— ABOUT THIS EXERCISE —
Lines from the one holding "yL@qz˂ij25(600)yXΉz" through the end of the entries, inclusive, form the whole output; reproduce them exactly and omit pictures.

(Captioned web images)
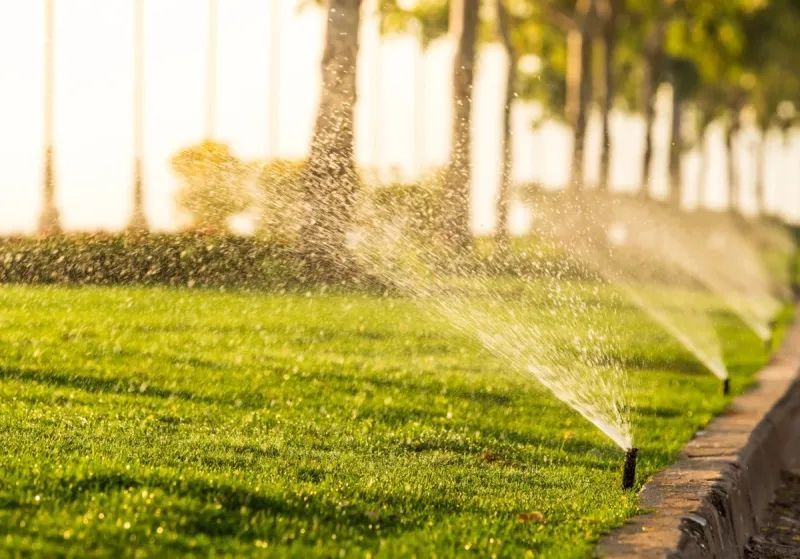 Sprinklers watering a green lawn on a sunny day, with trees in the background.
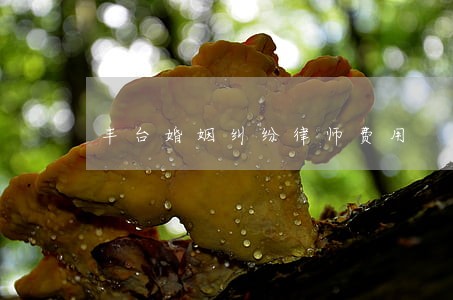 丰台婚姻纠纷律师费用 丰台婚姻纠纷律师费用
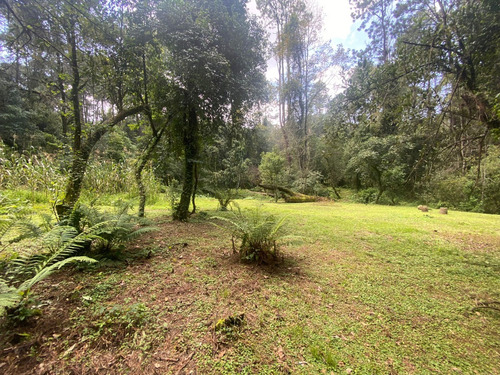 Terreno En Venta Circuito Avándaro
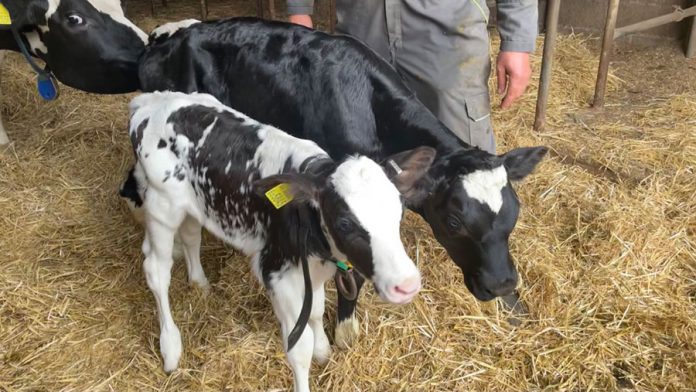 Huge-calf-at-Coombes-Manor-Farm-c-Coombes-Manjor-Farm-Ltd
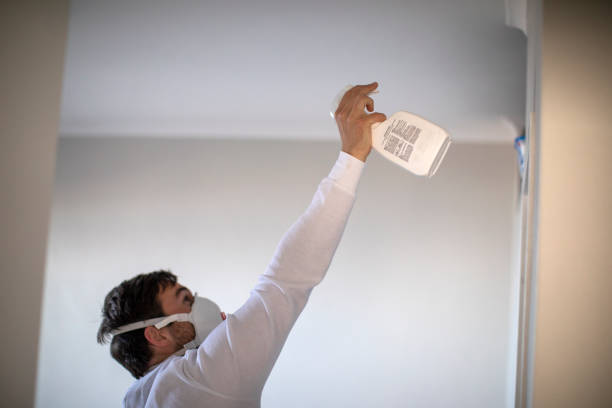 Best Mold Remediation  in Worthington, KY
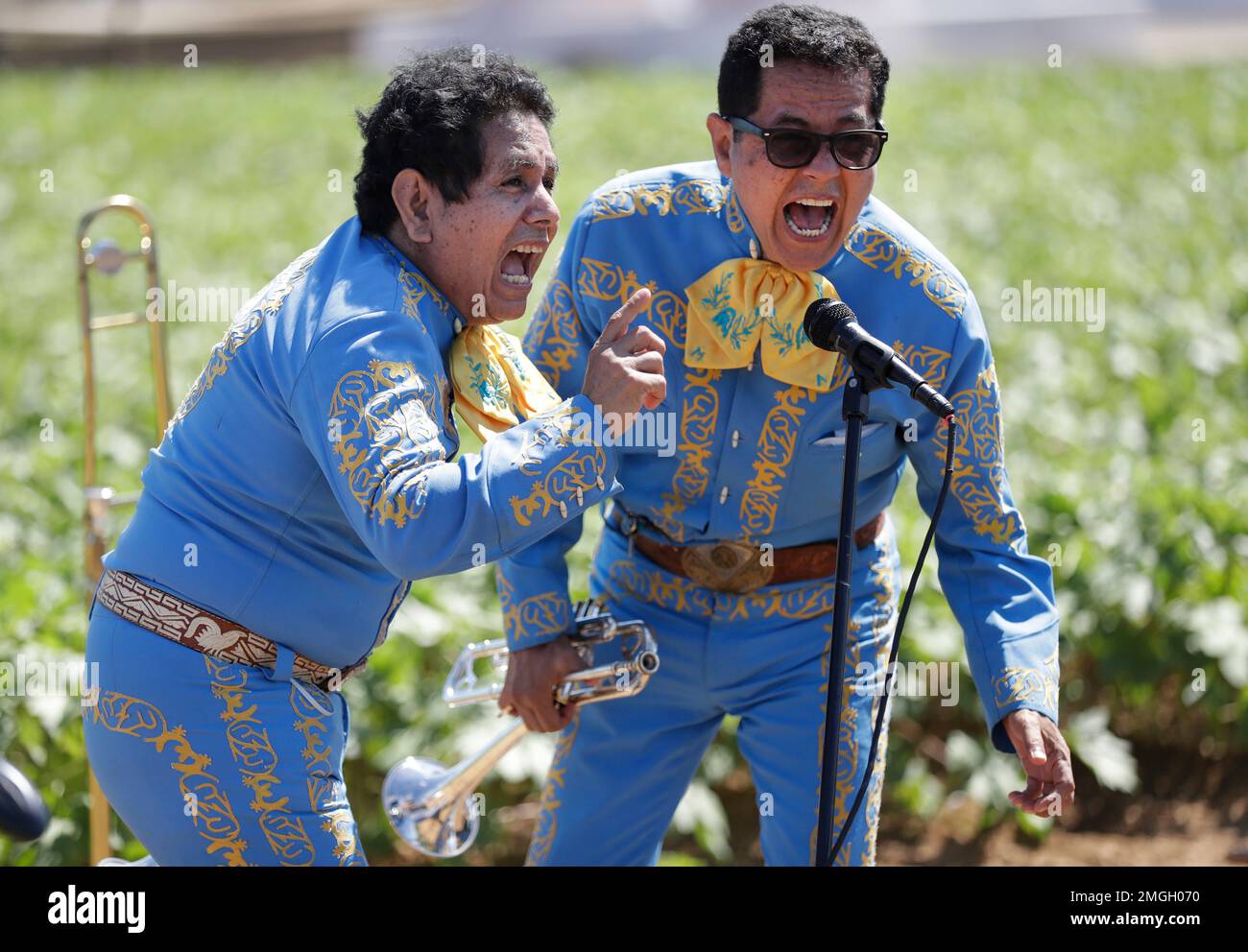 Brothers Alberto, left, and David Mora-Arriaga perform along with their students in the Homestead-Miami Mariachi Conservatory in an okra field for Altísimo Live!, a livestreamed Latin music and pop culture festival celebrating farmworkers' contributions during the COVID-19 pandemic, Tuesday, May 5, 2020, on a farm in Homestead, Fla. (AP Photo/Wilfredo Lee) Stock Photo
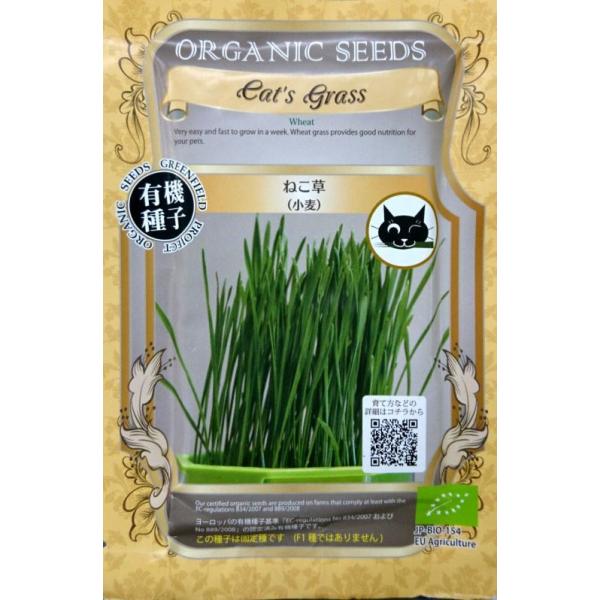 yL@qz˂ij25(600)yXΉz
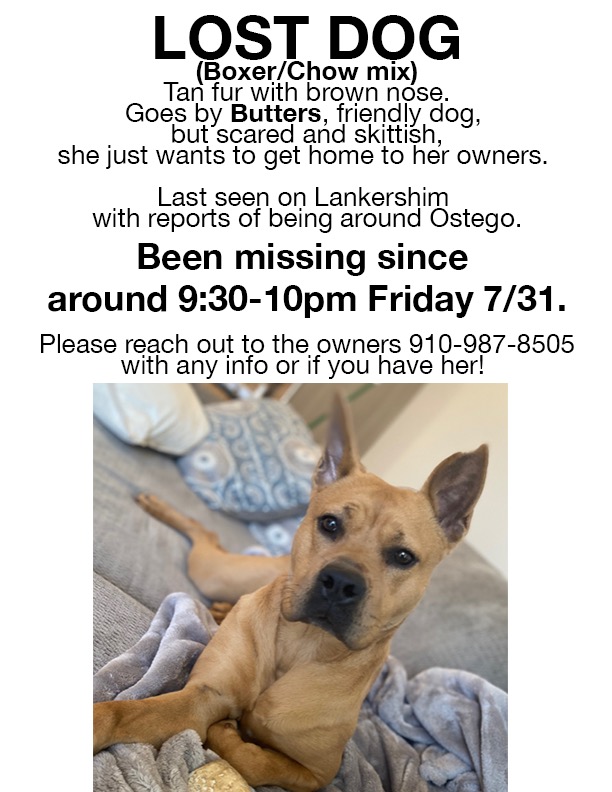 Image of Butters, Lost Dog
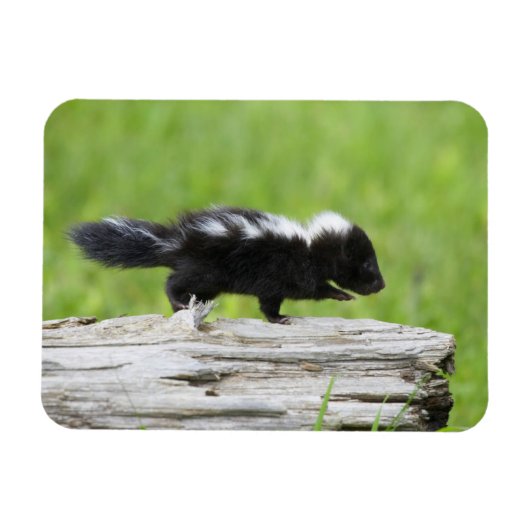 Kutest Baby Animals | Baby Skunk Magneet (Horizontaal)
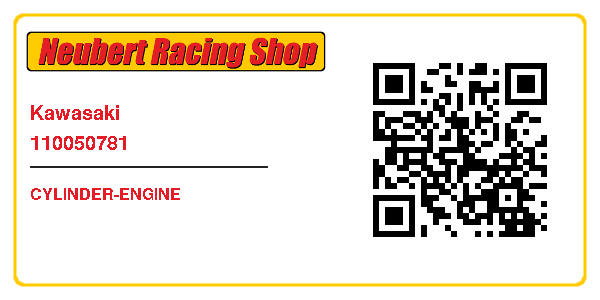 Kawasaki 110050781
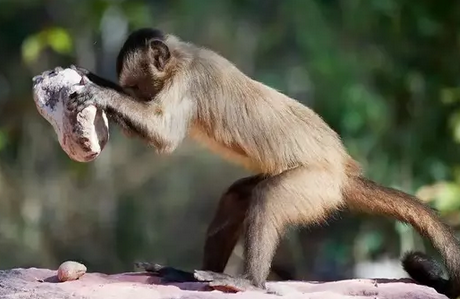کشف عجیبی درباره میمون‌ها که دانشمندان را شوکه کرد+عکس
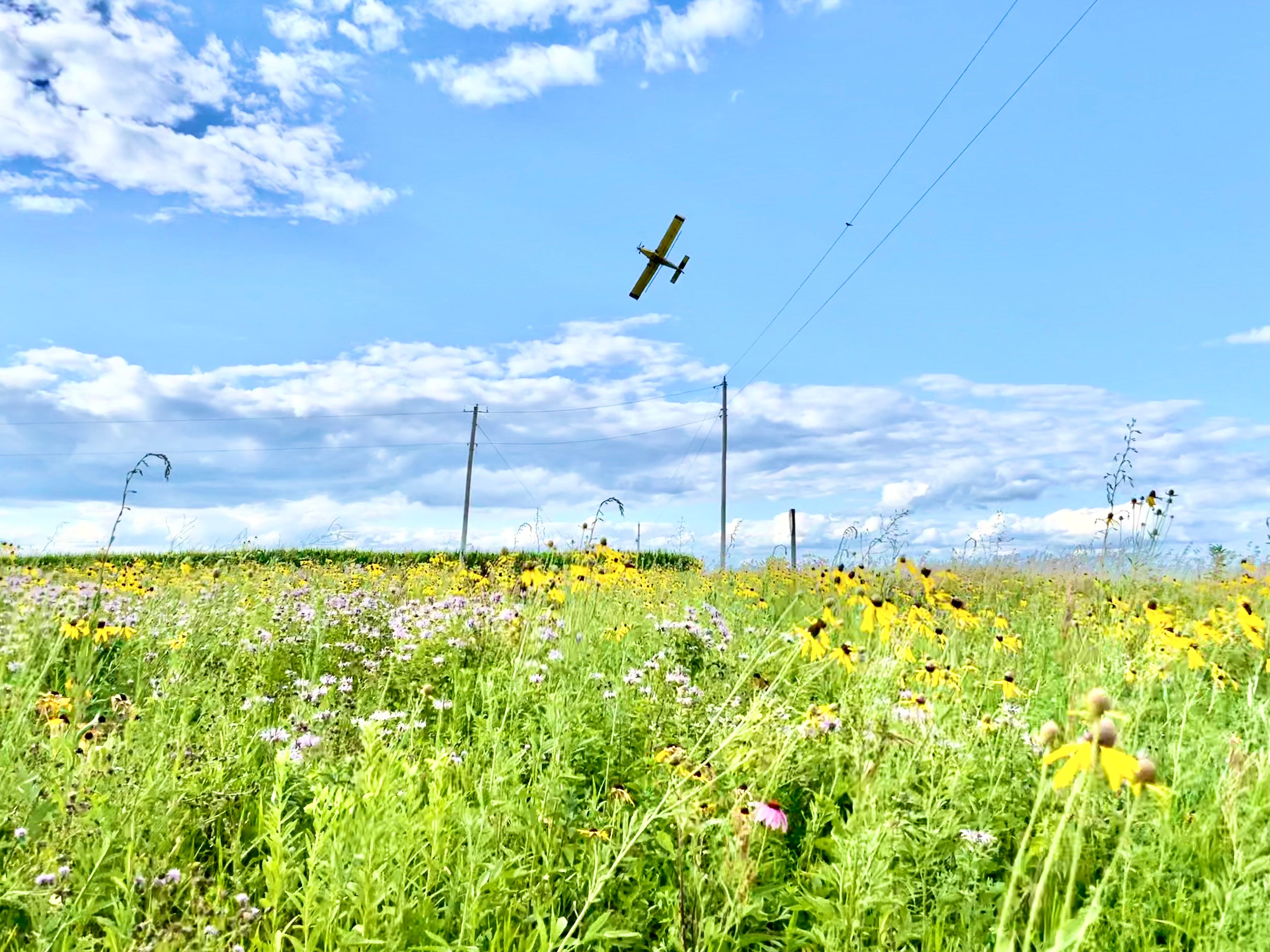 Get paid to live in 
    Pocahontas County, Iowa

— TASK ANSWER —
 yL@qz˂ij25(600)yXΉz
 Image of Butters, Lost Dog
 Kutest Baby Animals | Baby Skunk Magneet (Horizontaal)
 Kawasaki 110050781
کشف عجیبی درباره میمون‌ها که دانشمندان را شوکه کرد+عکس
 Get paid to live in 
    Pocahontas County, Iowa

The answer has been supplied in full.